Pictures aside, the output must consist of the lines from the one containing "Malibu Beach House" through the end of the data, reproduced exactly.

§ DATASET EXCERPT:

•••••

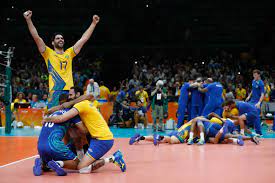 No primeiro jogo da segunda semana da ‪liga mundial‬, nossos guris acabaram perdendo para a sérvia por 3 sets a 1 (25/19, 15/25, 21/25 e 22/25). File Brasil E Ouro No Volei Masculino 1039394 21 08 2016 Ffz 6430 Jpg Wikipedia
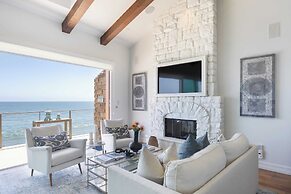 Malibu Beach House Bliss by Avantstay Beachfront + Private Beach Acces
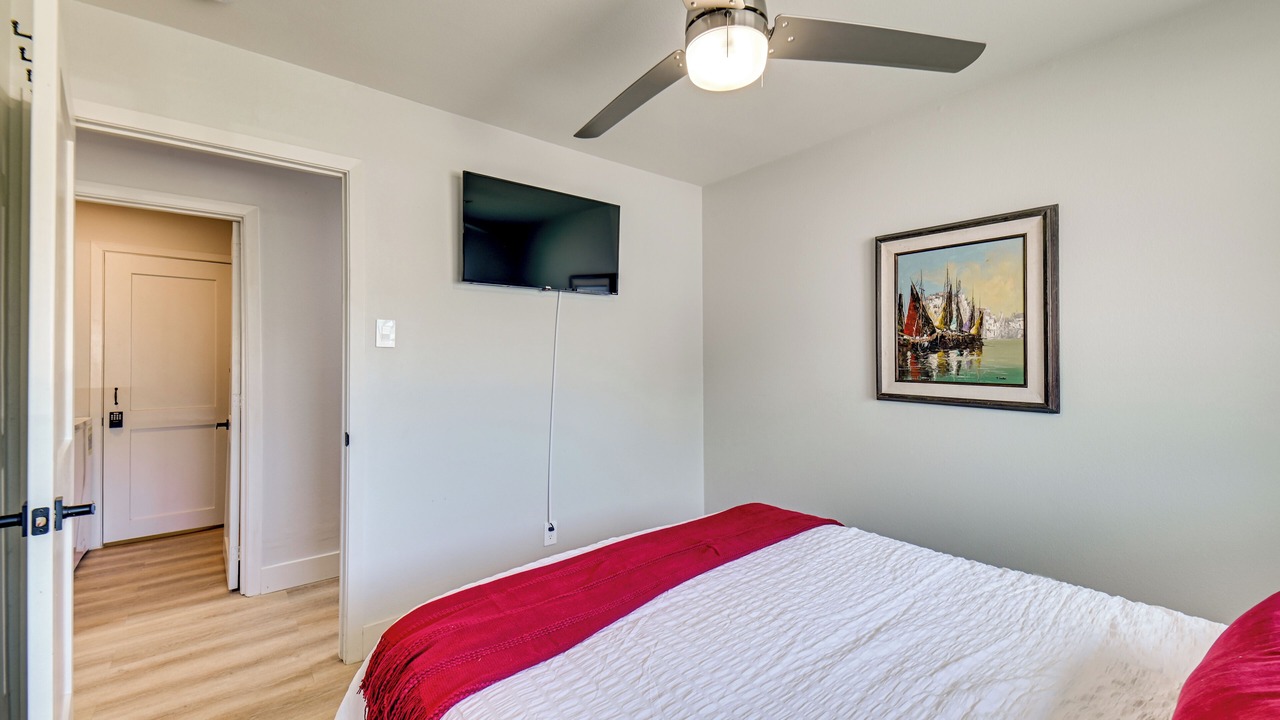 Photo of Bedroom in Farmers Branch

•••••

§ TASK ANSWER:
 Malibu Beach House Bliss by Avantstay Beachfront + Private Beach Acces
 Photo of Bedroom in Farmers Branch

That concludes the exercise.